Retype the following data exactly, but leave its pictures out.

## COLLECTED DATA
+ + +

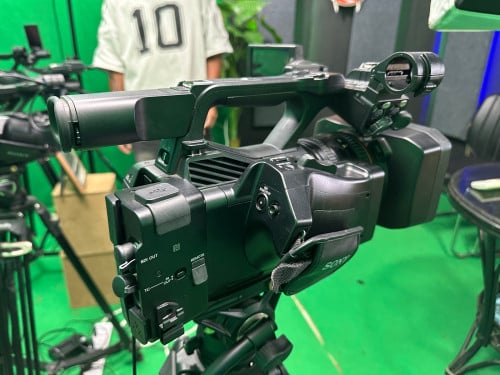 Sony Z190 ចំនួន3គ្រឿង
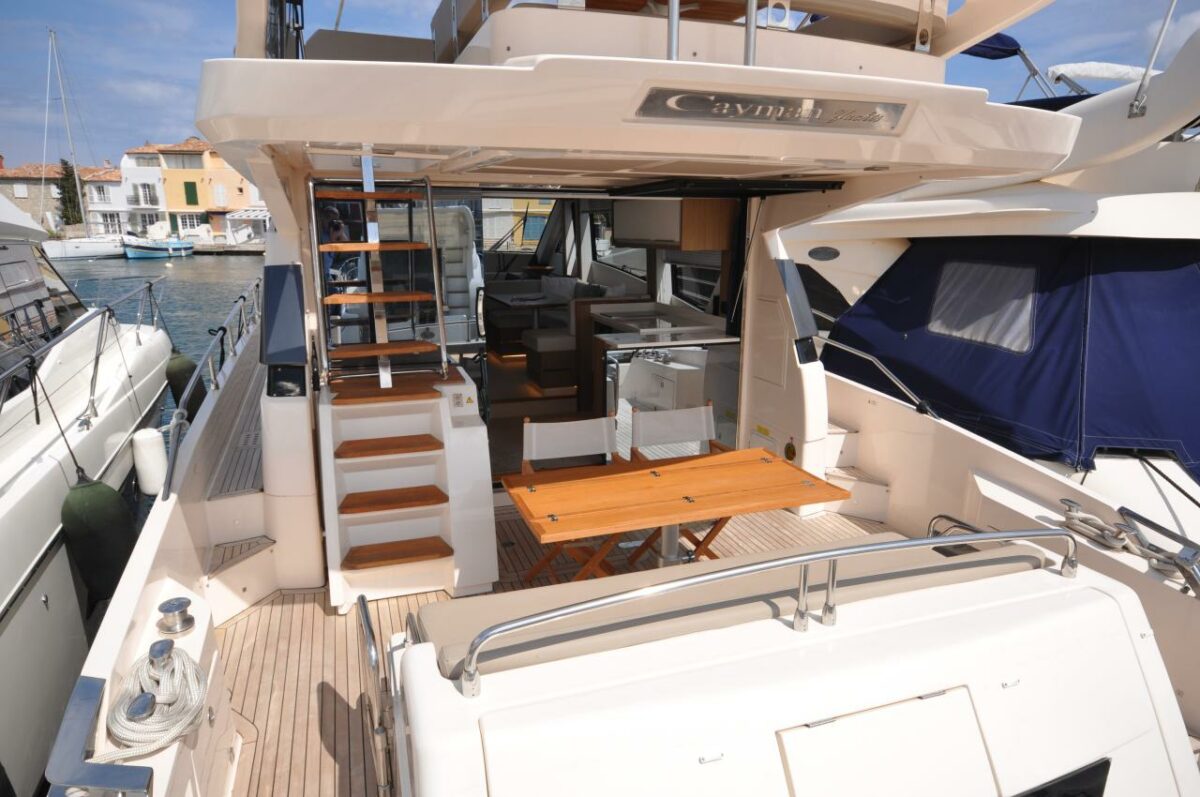 CAYMAN YACHTS F52 - 2020 - Image 8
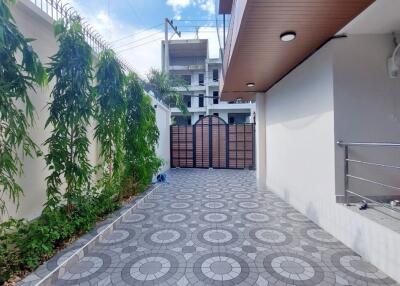 South Pattaya Large 3 Beds Apartment for Rent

+ + +

## EXERCISE SOLUTION
 Sony Z190 ចំនួន3គ្រឿង
 CAYMAN YACHTS F52 - 2020 - Image 8
 South Pattaya Large 3 Beds Apartment for Rent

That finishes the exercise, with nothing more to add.